=== PROBLEM STATEMENT ===
Would you restate, exactly as they appear, the lines from the one containing "Desi Village Cpl" through the end of the data below?
Top of EXTRACTED INFORMATION
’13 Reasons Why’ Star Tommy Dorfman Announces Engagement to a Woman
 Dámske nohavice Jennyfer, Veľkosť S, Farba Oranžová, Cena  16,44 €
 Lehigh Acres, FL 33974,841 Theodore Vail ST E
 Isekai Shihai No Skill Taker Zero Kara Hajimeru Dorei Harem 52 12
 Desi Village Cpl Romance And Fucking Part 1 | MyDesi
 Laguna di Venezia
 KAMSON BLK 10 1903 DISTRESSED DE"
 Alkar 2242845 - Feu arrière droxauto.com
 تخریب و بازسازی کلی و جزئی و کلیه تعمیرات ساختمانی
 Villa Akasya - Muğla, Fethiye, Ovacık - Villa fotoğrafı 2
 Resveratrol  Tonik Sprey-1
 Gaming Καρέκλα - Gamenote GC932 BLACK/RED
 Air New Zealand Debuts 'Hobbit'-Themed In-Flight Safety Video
Bottom of EXTRACTED INFORMATION
=== WRITTEN SOLUTION ===
 Desi Village Cpl Romance And Fucking Part 1 | MyDesi
 Laguna di Venezia
 KAMSON BLK 10 1903 DISTRESSED DE"
 Alkar 2242845 - Feu arrière droxauto.com
 تخریب و بازسازی کلی و جزئی و کلیه تعمیرات ساختمانی
 Villa Akasya - Muğla, Fethiye, Ovacık - Villa fotoğrafı 2
 Resveratrol  Tonik Sprey-1
 Gaming Καρέκλα - Gamenote GC932 BLACK/RED
 Air New Zealand Debuts 'Hobbit'-Themed In-Flight Safety Video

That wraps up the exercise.